Извилистые тропы
Шрифт:
В феврале, когда лорд-канцлер заболел и какое-то время опасались, что он не поправится, Фрэнсис счел это обстоятельство уместным поводом поблагодарить Джорджа Вильерса за высказанное его величеству мнение, что, если произойдет худшее, освободившийся пост мог бы занять генеральный прокурор.
«Сэр, письмо, которое принес мне от Вас мистер Шют, родило во мне великую веру и спокойствие, и отныне я буду связывать все свои надежды только с Вашей прекрасной, щедро одаренной достоинствами особой. Когда об этом предмете со мной заводят речь знатные и облеченные властью персоны, предлагают мне свои услуги и поддержку, я могу лишь любезно поблагодарить их. Но все это не более чем безделки. Моя жизнь принадлежит Вам, тому, чья жизнь для меня дороже, чем моя собственная. Я, как тот самый камень бирюзы из перстня, буду счастлив разбиться на множество осколков, лишь бы отвести от Вас легчайшую тень. Да хранит Вас Господь вечно.

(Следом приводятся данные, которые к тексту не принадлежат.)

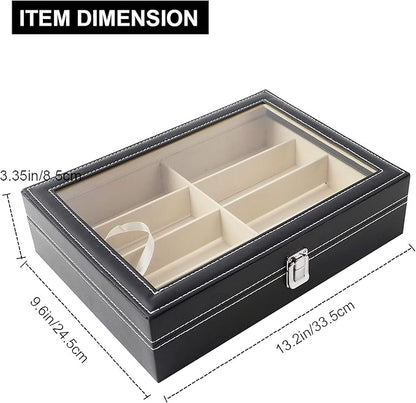 Siveit 8 Slot Sunglass Organizer Leather Eyeglasses Collector Eyewear Display Case Storage Box, Black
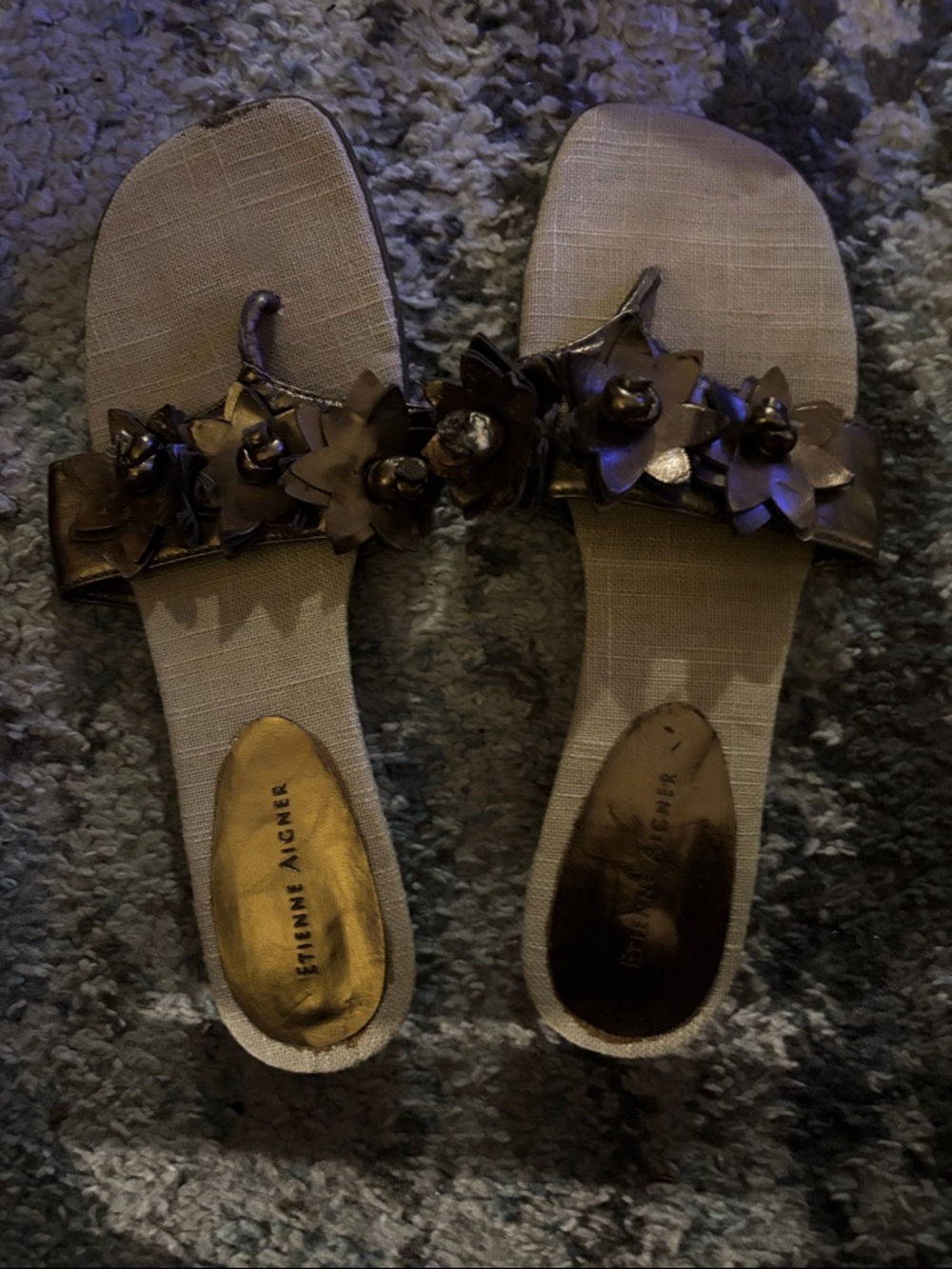 Etienne Aigner Brown Floral Slide Sandals with Metallic Accents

«Но все это не более чем безделки…» Любимое выражение генерального прокурора. Так начиналось еще не опубликованное эссе «О масках и триумфах», которое, вполне возможно, было написано как раз в это время и отложено в сторону, ведь авторы любят цитировать свои собственные сочинения, на рукописи которых еще не высохли чернила.
К апрелю Фрэнсис уже постоянно переписывался с Джорджем Вильерсом, рассказывая о допросах тех, кто содержался под стражей, включая и самого графа Сомерсета, которого допрашивали 18 апреля.
«Он от всего отпирается, а про порочащие его связи с Испанией твердит одно: он-де был так осыпан щедротами его величества, что ему бы и в голову не пришло желать большего и вступать в сговор с Испанией, ведь он не солдат… Что до последних строк Вашего письма, в которых Вы выражаете заботу о моей особе, я могу лишь ответить словами псалма: „Quid retribuam?“ [22] Господь, помогший мне заслужить милость Его Величества, укрепит мои силы для служения Его Величеству.
Ваш верный и преданный слуга.
В ответ на Ваш постскриптум, где Вы извиняетесь за небрежный почерк, я молю Вас простить, что пишу не на бумаге с золотым обрезом, я сейчас нахожусь в Вестминстерском дворце, а у нас здесь царит простота».
22
«Доколе будете вы судить неправедно и оказывать лицеприятие нечестивым?» Псалтирь, Псалом 81.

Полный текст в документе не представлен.